There has been no little confusion in the public mind, and in that of the government itself, as to what reconstruction is, who has the power to reconstruct, and how that power is to be exercised. Are the States that seceded States in the Union, with no other disability than that of having no legal governments? or are they Territories subject to the Union? Is their reconstruction their erection into new States, or their restoration as States previously in the Union? Is the power to reconstruct in the States themselves? or is it in the General government? If partly in the people and partly in the General government, is the part in the General government in Congress, or in the Executive? If in Congress, can the Executive, without the authority of Congress, proceed to reconstruct, simply leaving it for Congress to accept or reject the reconstructed State? If the power is partly in the people of the disorganized States who or what defines that people, decides who may or may not vote in the reorganization? On all these questions there has been much crude, if not erroneous, thinking, and much inconsistent and contradictory action.
The government started with the theory that no State had seceded or could secede, and held that, throughout, the States in rebellion continued to be States in the Union. That is, it held secession to be a purely personal and not a territorial insurrection.

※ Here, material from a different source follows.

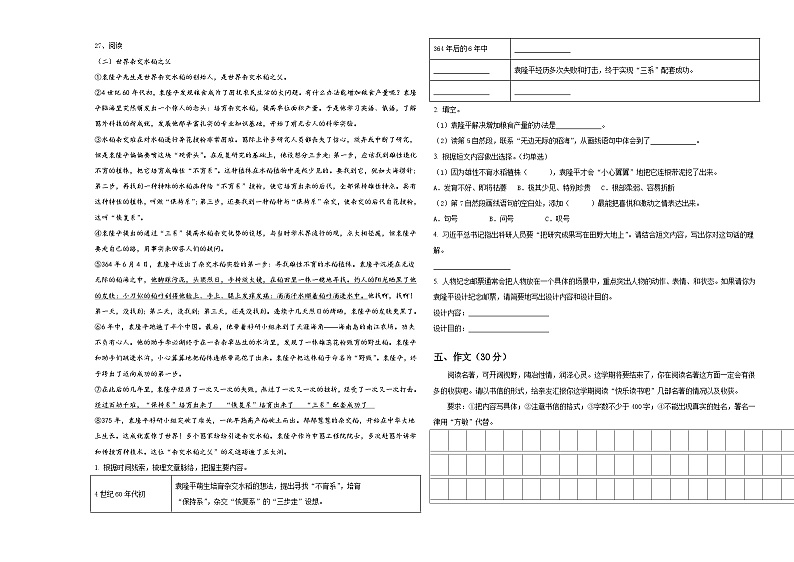 矿区2024届小升初总复习语文精选精练含答案03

Yet it proclaimed eleven States to be in insurrection against the United States, blockaded their ports, and interdicted all trade and intercourse of any kind with them. The Supreme Court, in order to sustain the blockade and interdict as legal, decided the war to be not a war against simply individual or personal insurgents but "a territorial civil war." This negatived the assumption that the States that took up arms against the United States remained all the while peaceable and loyal States, with all their political rights and powers in the Union. The States in the Union are integral elements of the political sovereignty, for the sovereignty of the American nation vests in the States finite; and it is absurd to pretend that the eleven States that made the rebellion and were carrying on a formidable war against the United States, were in the Union, an integral element of that sovereign authority which was carrying on a yet more formidable war against them. Nevertheless, the government still held to its first assumption, that the States in rebellion continued to be States in the Union—loyal States, with all their rights and franchises unimpaired!
That the government should at first have favored or acquiesced in the doctrine that no State had ceased to be a State in the Union, is not to be wondered at. The extent and determination of the secession movement were imperfectly understood, and the belief among the supporters of the government, and, perhaps, of the government itself, was, that it was a spasmodic movement for a temporary purpose, rather than a fixed determination to found an independent separate nationality; that it was and would be sustained by the real majority of the people of none of the States, with perhaps the exception of South Carolina; that the true policy of the government would be to treat the seceders with great forbearance, to avoid all measures likely to exasperate them or to embarrass their loyal fellow-citizens, to act simply on the defensive, and to leave the Union men in the several seceding States to gain a political victory at the polls over the secessionists, and to return their States to their normal position in the Union.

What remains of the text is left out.